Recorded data
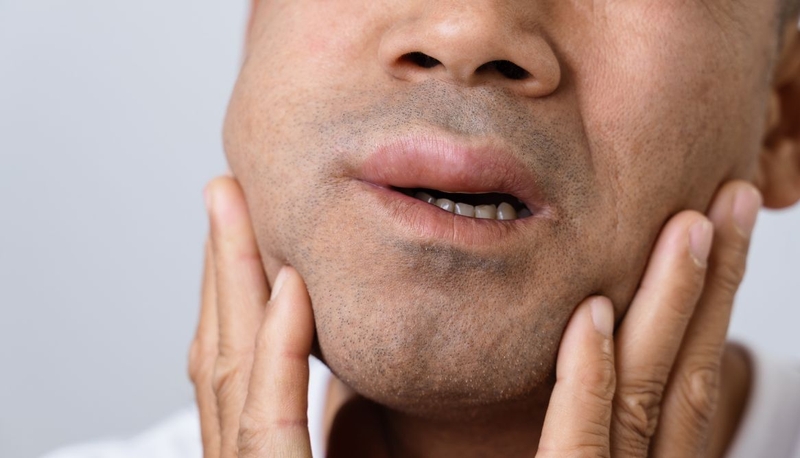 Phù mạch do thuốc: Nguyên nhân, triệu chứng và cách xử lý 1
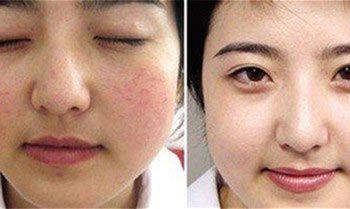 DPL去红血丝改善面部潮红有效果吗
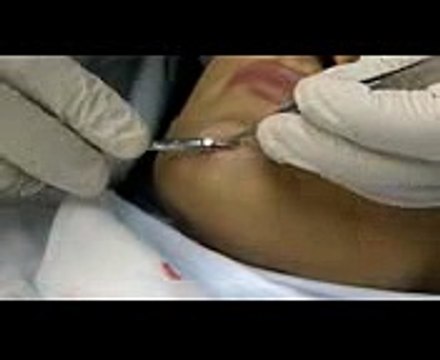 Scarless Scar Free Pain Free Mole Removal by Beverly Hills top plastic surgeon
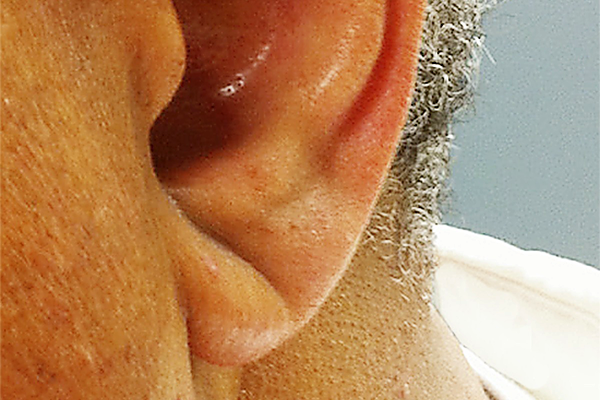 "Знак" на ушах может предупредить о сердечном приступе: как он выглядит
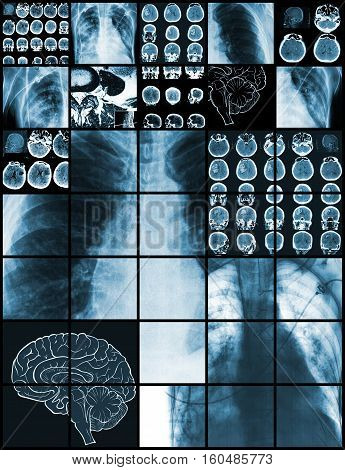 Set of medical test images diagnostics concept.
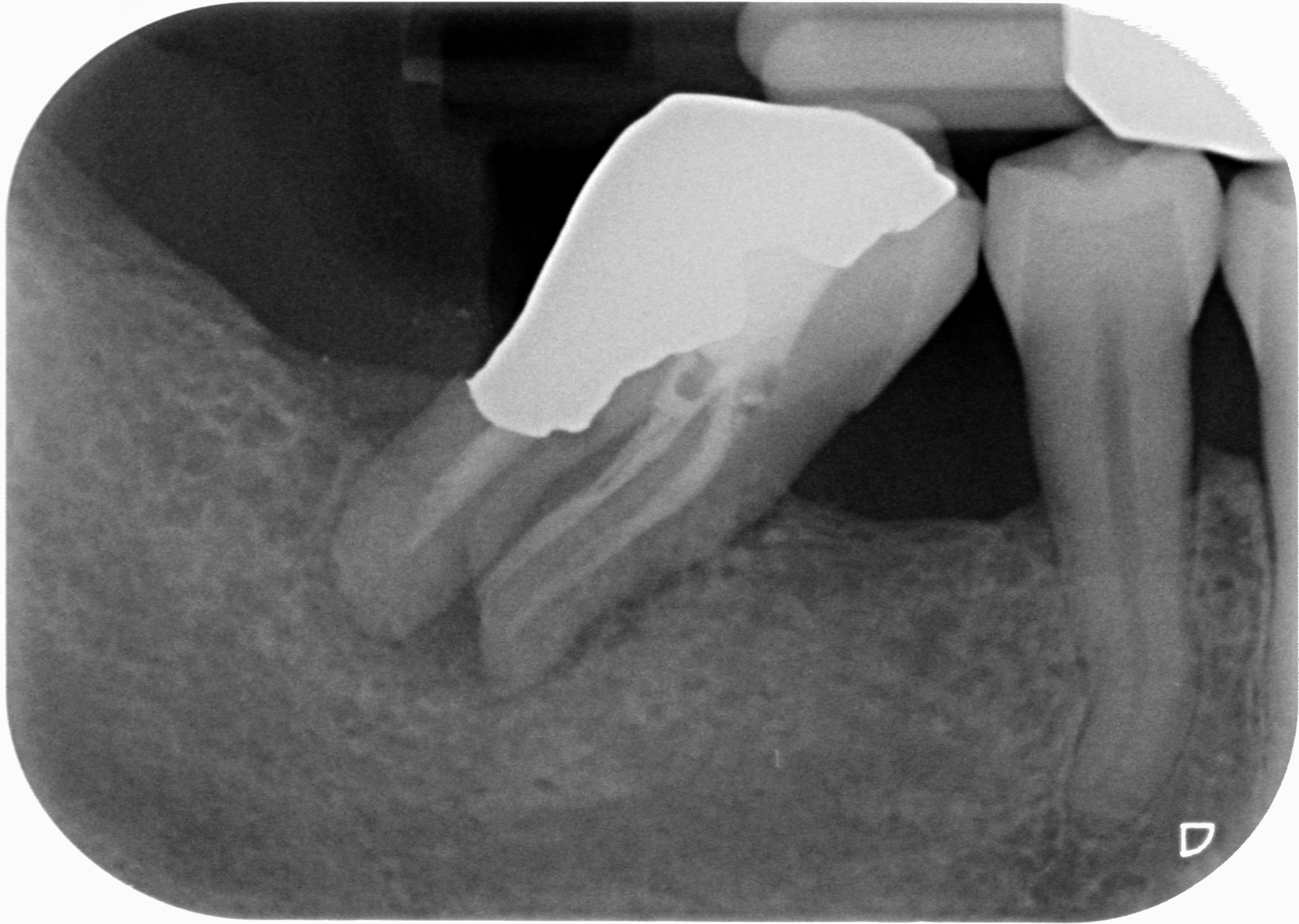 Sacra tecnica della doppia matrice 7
...
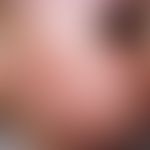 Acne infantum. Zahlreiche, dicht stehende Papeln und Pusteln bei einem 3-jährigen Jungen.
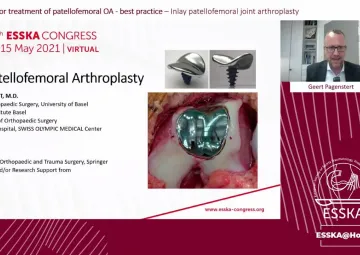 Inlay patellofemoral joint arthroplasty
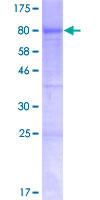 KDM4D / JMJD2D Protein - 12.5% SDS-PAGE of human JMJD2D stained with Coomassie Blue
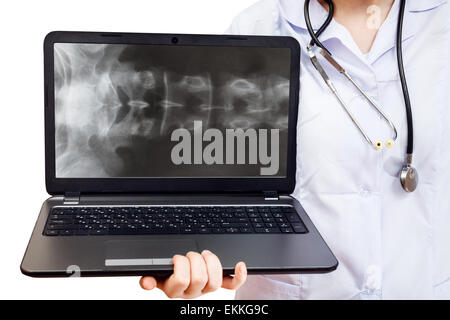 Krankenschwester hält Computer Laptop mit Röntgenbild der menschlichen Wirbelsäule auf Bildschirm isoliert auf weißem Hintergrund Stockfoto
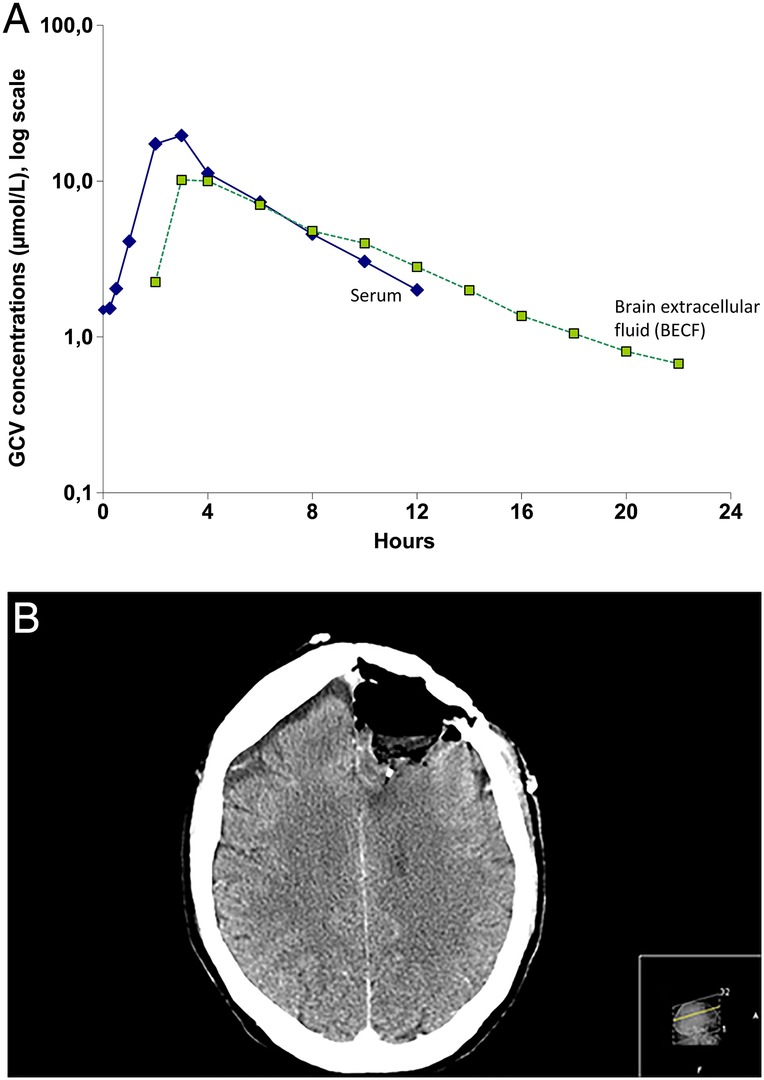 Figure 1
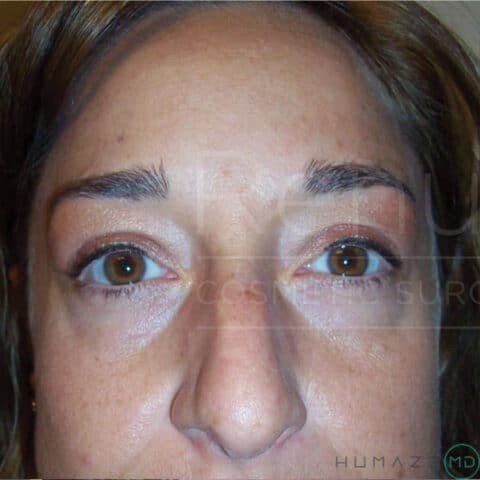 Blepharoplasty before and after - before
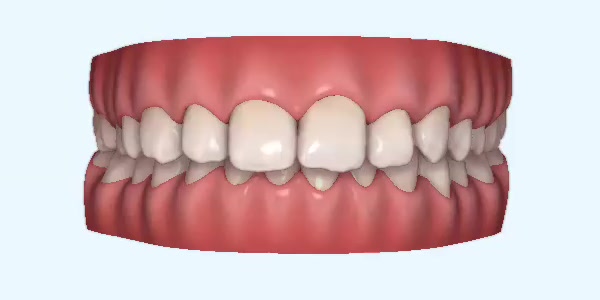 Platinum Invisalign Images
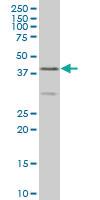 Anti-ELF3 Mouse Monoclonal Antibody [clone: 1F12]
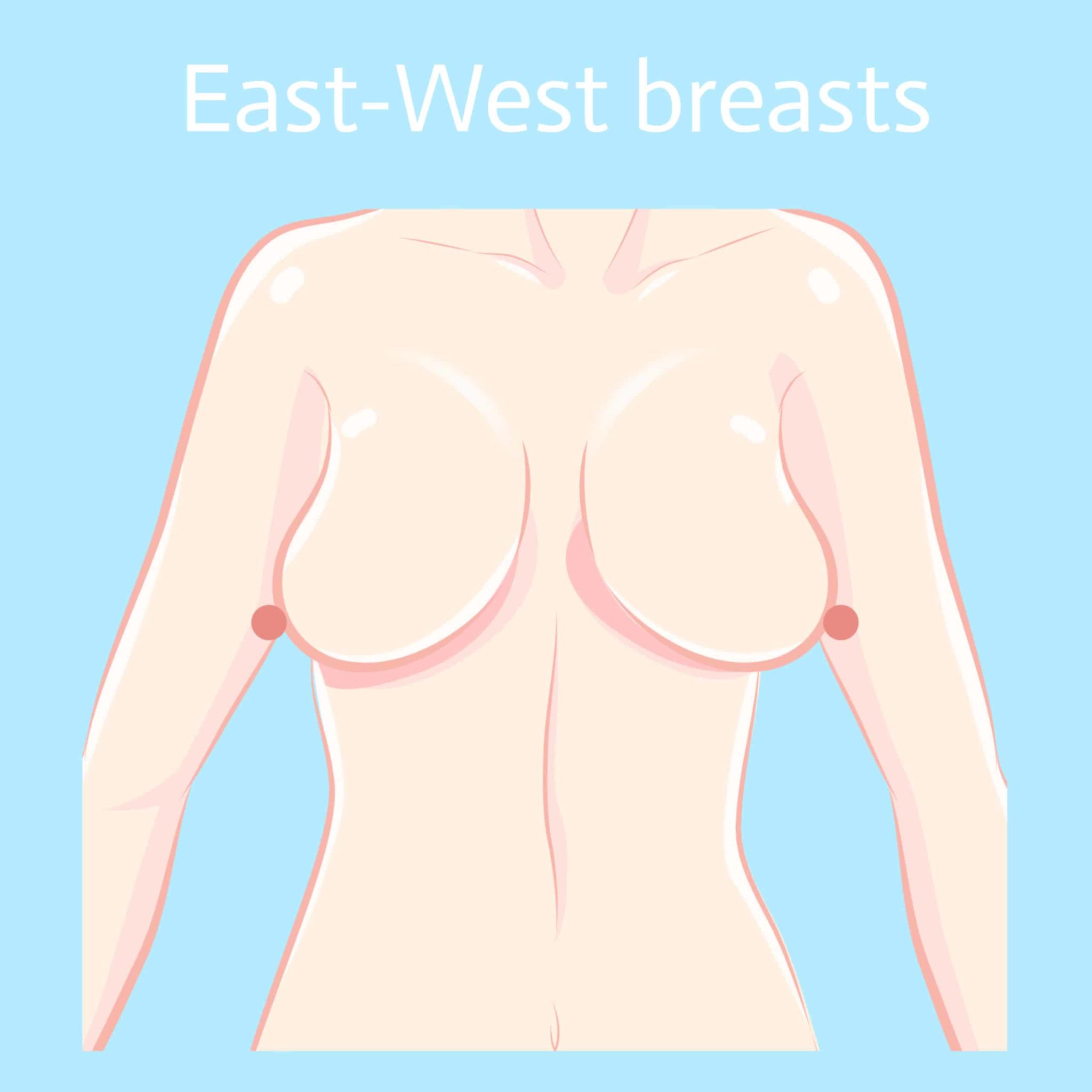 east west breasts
* * *
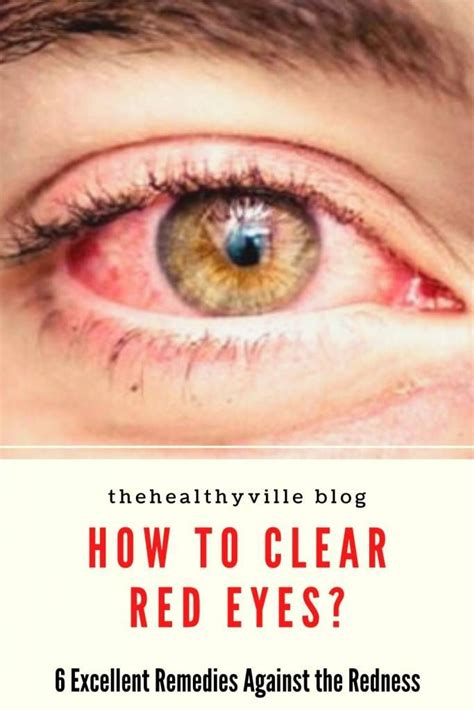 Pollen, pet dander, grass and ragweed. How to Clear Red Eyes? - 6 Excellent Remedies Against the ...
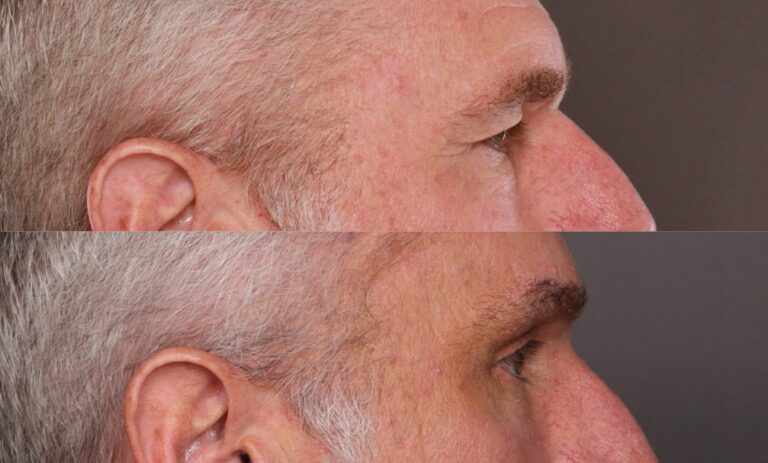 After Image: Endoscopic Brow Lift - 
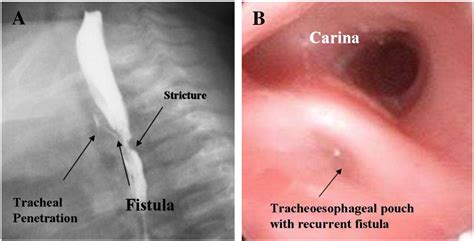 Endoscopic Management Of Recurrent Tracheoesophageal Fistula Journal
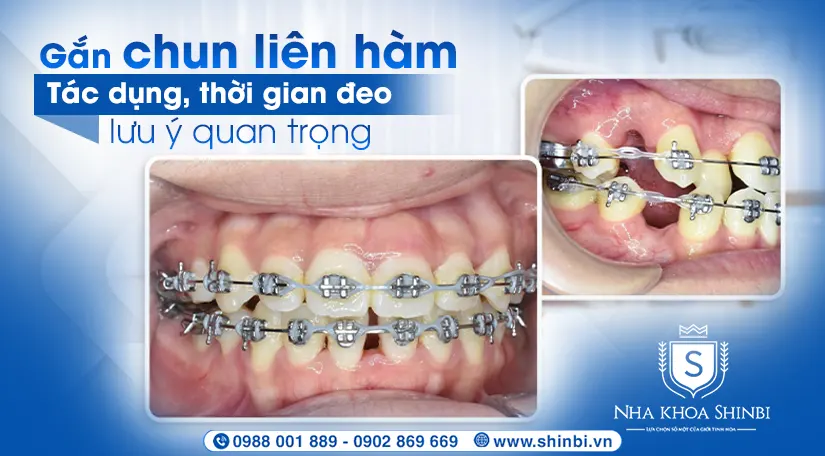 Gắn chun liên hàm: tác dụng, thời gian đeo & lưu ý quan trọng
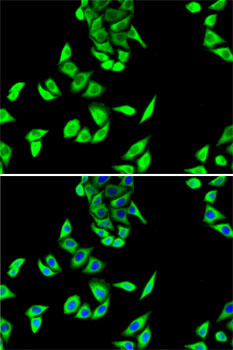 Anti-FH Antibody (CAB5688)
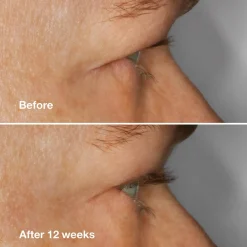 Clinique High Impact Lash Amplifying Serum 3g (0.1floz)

Activity
The answer should consist only of the lines above from the one with "как он выглядит" through the one with "Sacra tecnica della doppia matrice 7", repeated exactly, with no pictures among them.

Task response
 "Знак" на ушах может предупредить о сердечном приступе: как он выглядит
 Set of medical test images diagnostics concept.
 Sacra tecnica della doppia matrice 7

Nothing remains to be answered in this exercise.